Als Vorbereitung für den Kongress sind wir als kleines Team in die USA
geflogen. So etwas hatte ich bisher noch nirgendwo kennengelernt: Ich war
restlos fasziniert von der absichtsvollen Durchdachtheit der missionarischen Strategie.
Dieses Motto: «Alles, was wir in der Gemeinde tun, ist unserem missionarischen
Paradigma unterworfen. Verlorene Menschen bedeuten Gott etwas. Kirche ist die
Hoffnung für die Welt. Wir sind die Organisation, die für Menschen die Hoffnung
von Jesus ausstrahlen kann.» Dies vor Ort verkörpert zu sehen, wo ja all das
blühte und lebte mit Kunst, Musik, Theater und starken diakonischen Elementen;
zu sehen, wie Gemeinde praktisch funktionieren kann mit den beiden Händen
Christi, die mir von der Lausanner-Bewegung her ja wichtig waren, hat mich
restlos begeistert. Ich kam nach Hause und habe mich mit grosser Überzeugung
eingesetzt, die Philosophie und Praxis dieser Gemeinde in Deutschland bekanntzumachen.
Darum ging es ja vor allem bei den ersten Kongressen.

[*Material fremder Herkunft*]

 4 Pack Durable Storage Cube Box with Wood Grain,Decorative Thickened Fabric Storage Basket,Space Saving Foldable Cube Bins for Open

Die Mehrheit der Leitenden und Gemeinden will wohl lieber etwas kopieren,
statt die biblische Philosophie dahinter zu verstehen und im eigenen Kontext
auf eigene Weise danach zu handeln.
Nachhaltige Entwicklung und Wachstum können aber nur so gelingen: Ich prüfe eine
Idee im Blick auf ihren Grundimpetus. Warum ist sie gut? Ich gehe zurück an die
Wurzel einer Form. Wenn die Wurzel gut ist, gewinnt das Projekt Formfreiheit,
denn es geht ja um die Wurzel und nicht um die Form! Und da gibt es das Missverständnis: Willow als magische Abkürzung.

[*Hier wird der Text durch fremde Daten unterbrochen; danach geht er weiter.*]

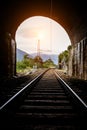 View of the end of the tunnel. Rail track. Railway.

Wir würden so gern eine Formel finden, um all dieses mühsame Säen und Ernten,
diesen langen, zähen Prozess von Beziehungsaufbau und Begleiten abzukürzen.
Aber Liebe ist nun mal einfach Arbeit und Entscheidung – es gibt keine
Abkürzung. Deswegen geht es an der Stelle um das eigene Herz – und um das der Gemeinde: Wollen wir
überhaupt missionarisch sein? Deswegen startet jeder Willow-Ansatz mit Gebet.

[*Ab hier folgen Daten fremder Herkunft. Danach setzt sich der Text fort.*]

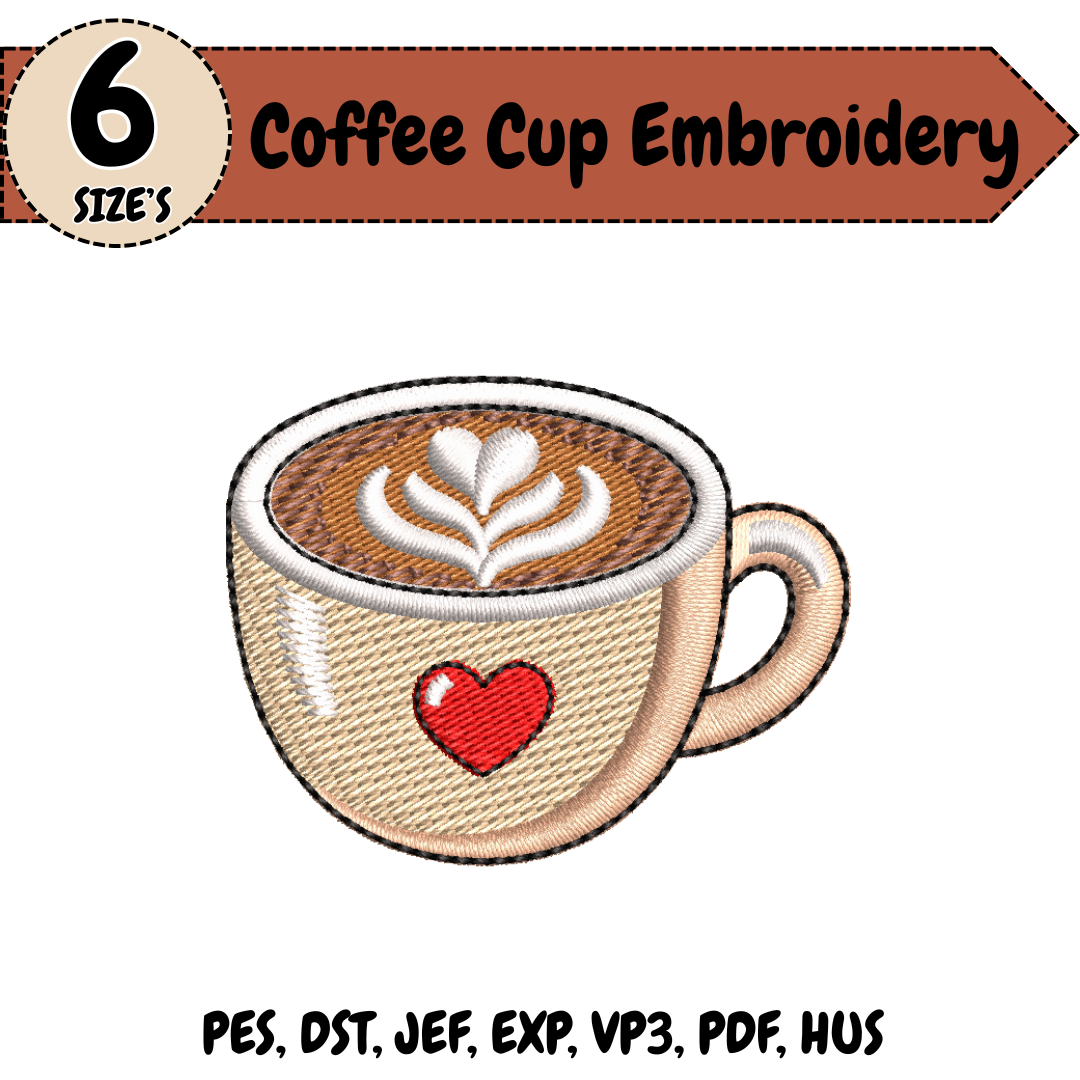 Coffee Cup Heart Machine Embroidery Design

Für wen? Für mich selbst: «Herr, berühr mein Herz, verändere mich, gib mir offene
Augen für einen Menschen, gib mir neue Liebe!» Wenn das eine Gemeinde will –
dann kann sich von innen her all die Kreativität und Leidenschaft entwickeln, die
so etwas wie Willow möglich macht. Aber wenn dein Herz nicht bewegt ist, bewegst
du auch nichts ...
Willow ist einen langen, 'erfolgreichen' Weg gegangen. Nun ist durch das
Ausscheiden von Hybels und die damit verbundenen Vorwürfe von Machtmissbrauch
und sexuellen Übergriffen eine Zäsur eingetreten. Und so muss diese Gemeinde
aus dem Zerbruch heraus wieder neu beginnen. Vielleicht kann sie gerade darin
wieder ein Vorbild sein, denn es gibt viele Leitende und viele Gemeinden mit Zerbruchsgeschichten.
Wie siehst du das?
Eine Krise ist in der unmittelbaren Begegnung nichts Schönes, aber das ist nun mal
das Wesen der Krise. Zwei Dinge kann man daraus lernen: einmal persönlich,
einmal institutionell. Erfolgsphasen unterliegen automatisch einer Gefahr, nämlich
diesem Gefühl: «Jetzt wissen wir, wie es geht!» Das geht mir in meiner Nachfolge
mit Jesus auch so. Es gibt Momente in der eigenen Entwicklung, in denen man
denkt: «Jetzt bin ich so weit, dass ich ein Stück Boden unter den Füssen habe!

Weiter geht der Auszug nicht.